** Opening DATA TO USE block **

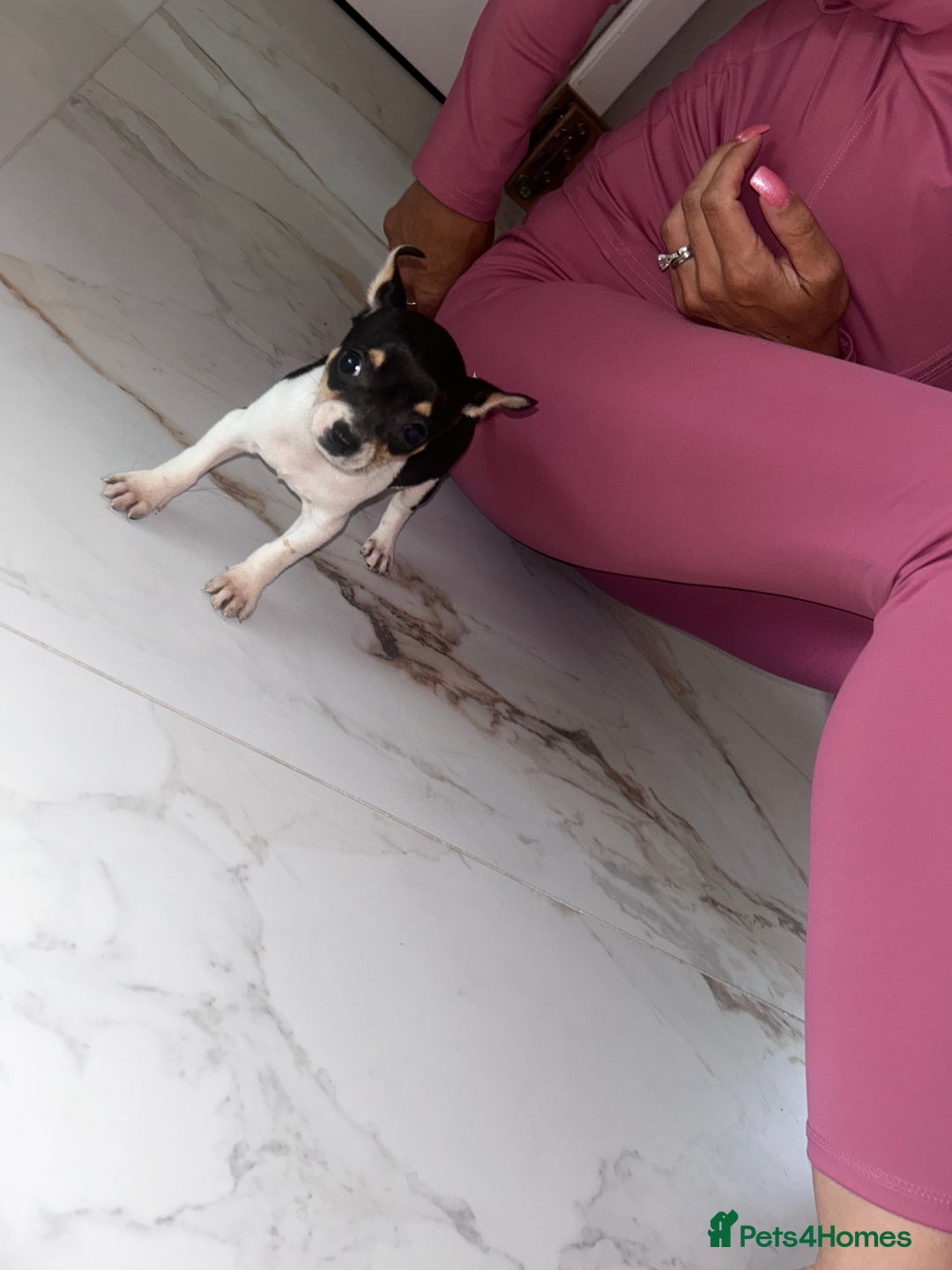 Chihuahua dogs for sale: 3/4 chihuahua 1/4 jack russell - Image 1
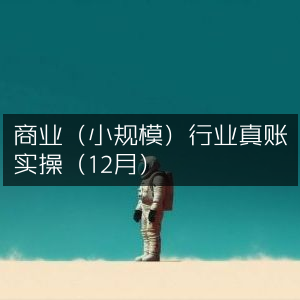 12月商业小规模行业真账实战操作指南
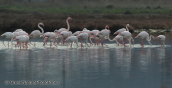 Greater flamingos at Oropos lagoon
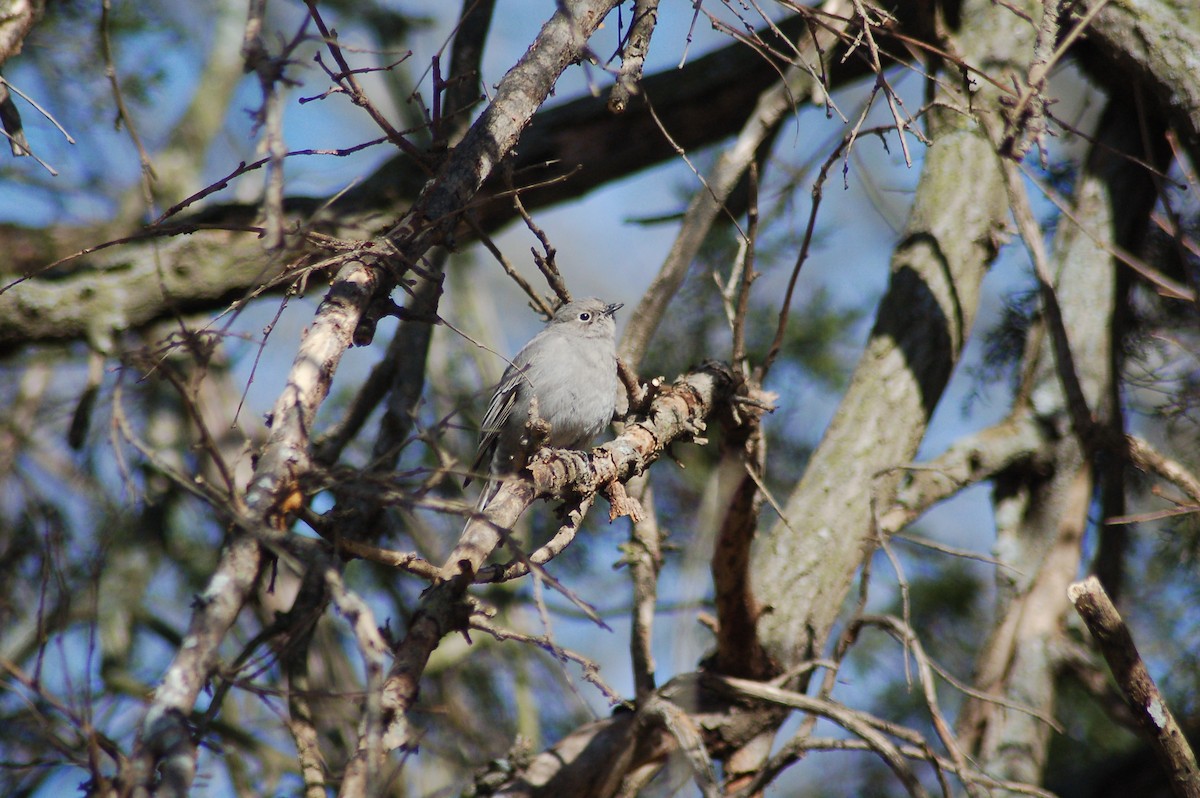 Townsend's Solitaire - ML50812431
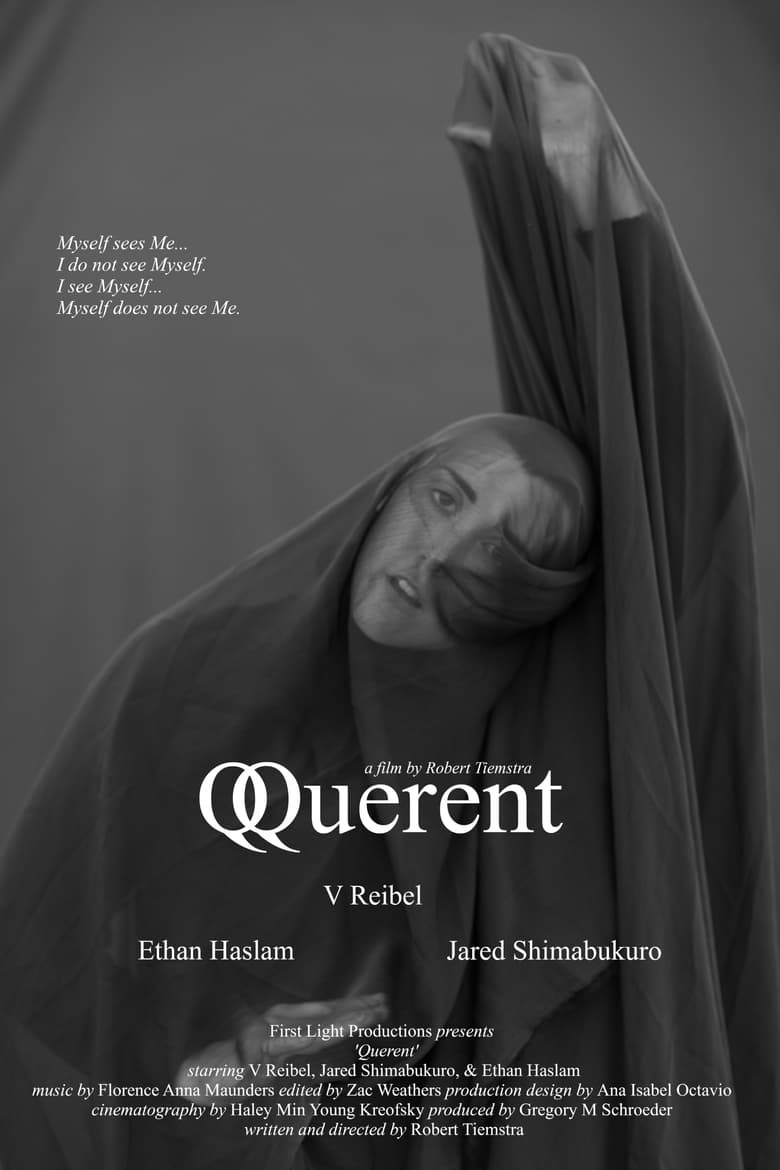 Poster of Querent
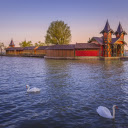 Swan and house on the lake  screen for extension Chrome web store in OffiDocs Chromium
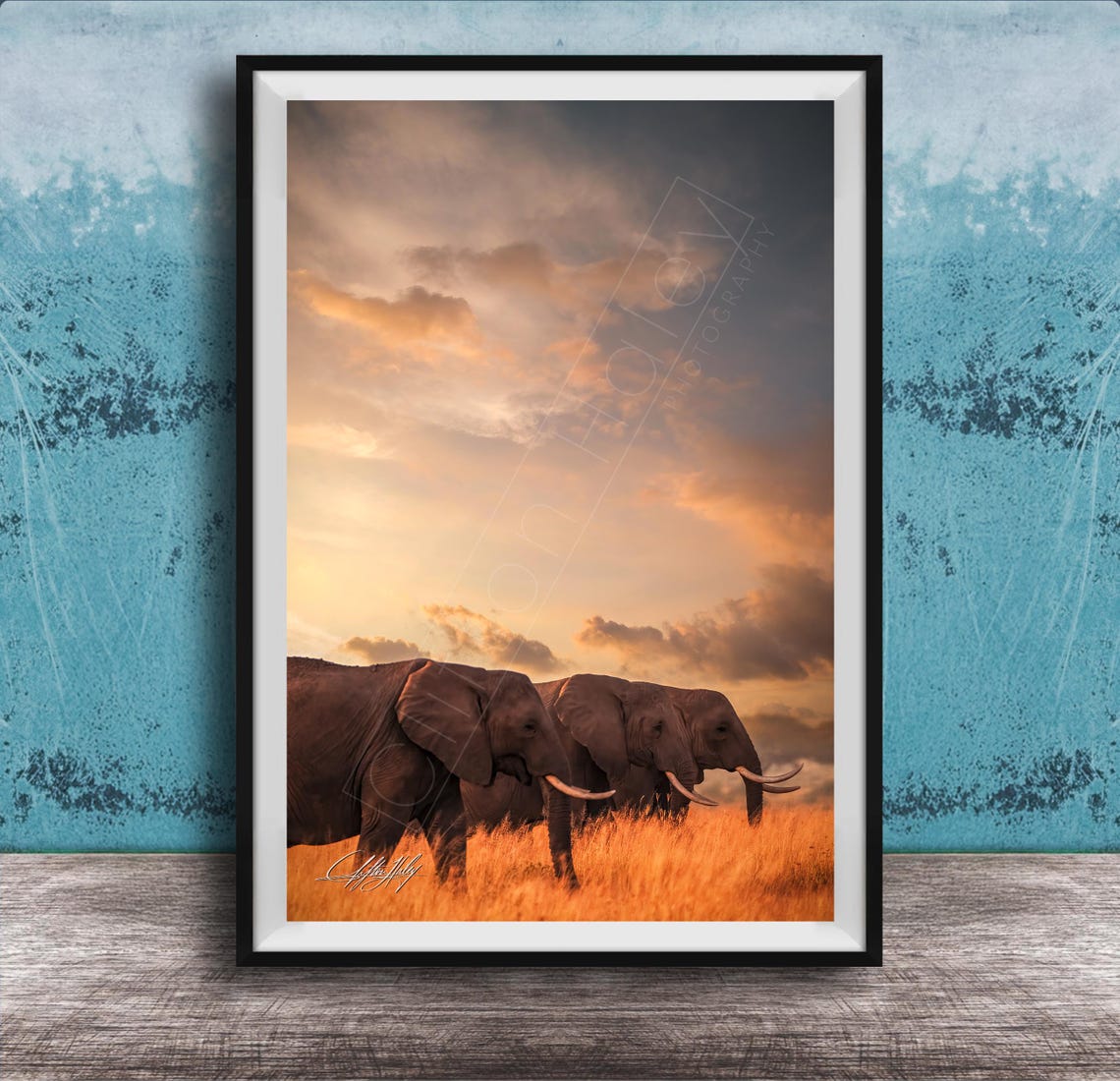Elephant Bulls Golden Field Dramatic Sunset Sky Photo Poster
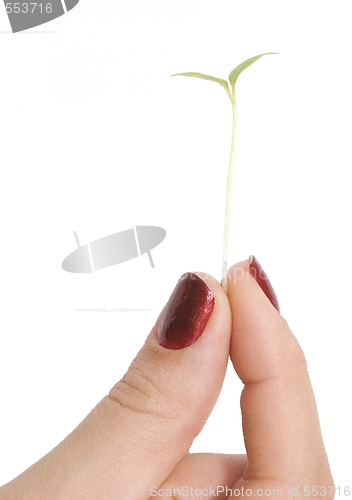 Image of green plant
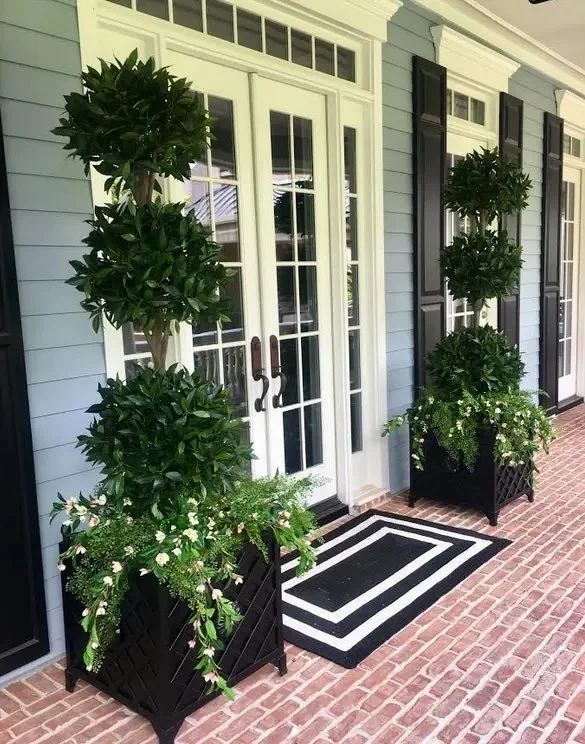 topiary planters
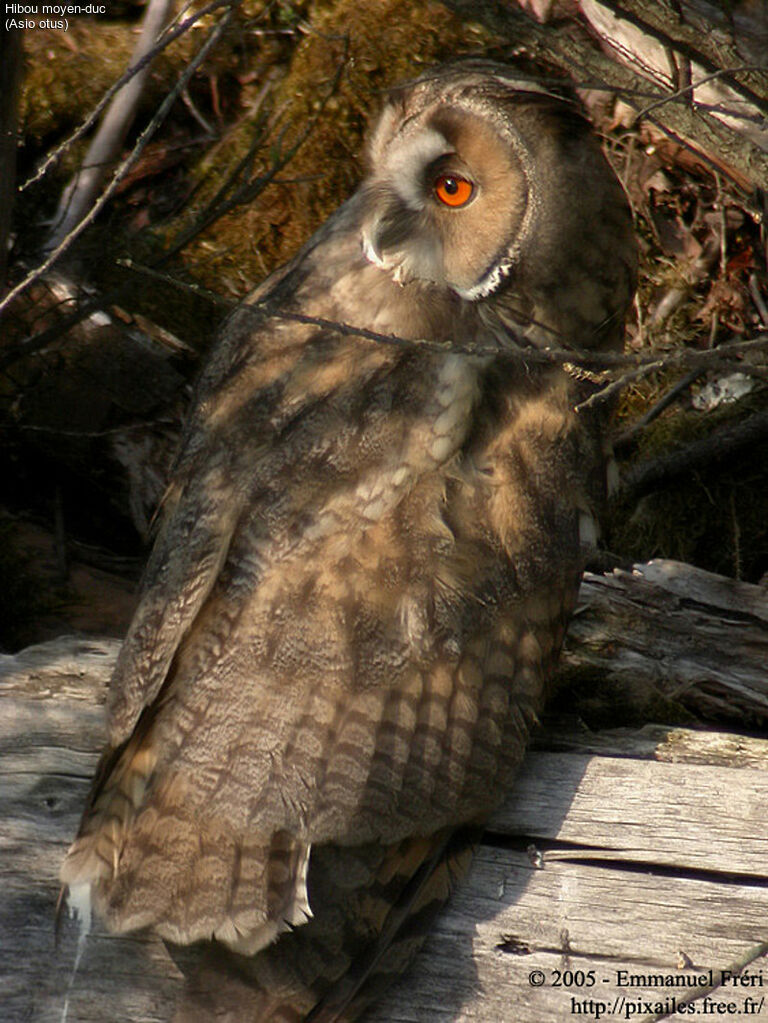 Hibou moyen-duc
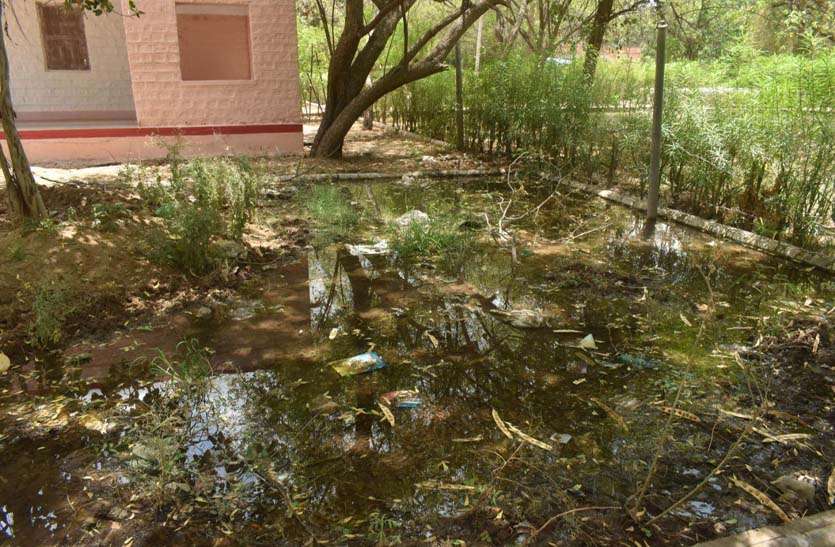 जनता तक जल पहुंचाने वाले महकमे में ही जल जमाव, बन गया बड़ा तालाब जनता तक जल पहुंचाने वाले महकमे में ही जल जमाव, बन गया बड़ा तालाब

** Closing DATA TO USE block **

EXERCISE PROMPT » Transcribe all of the records above character for character. Exclude the pictures.

WRITTEN RESPONSE »
 Chihuahua dogs for sale: 3/4 chihuahua 1/4 jack russell - Image 1
 12月商业小规模行业真账实战操作指南
 Greater flamingos at Oropos lagoon
 Townsend's Solitaire - ML50812431
 Poster of Querent
 Swan and house on the lake  screen for extension Chrome web store in OffiDocs Chromium
Elephant Bulls Golden Field Dramatic Sunset Sky Photo Poster
 Image of green plant
 topiary planters
 Hibou moyen-duc
 जनता तक जल पहुंचाने वाले महकमे में ही जल जमाव, बन गया बड़ा तालाब जनता तक जल पहुंचाने वाले महकमे में ही जल जमाव, बन गया बड़ा तालाब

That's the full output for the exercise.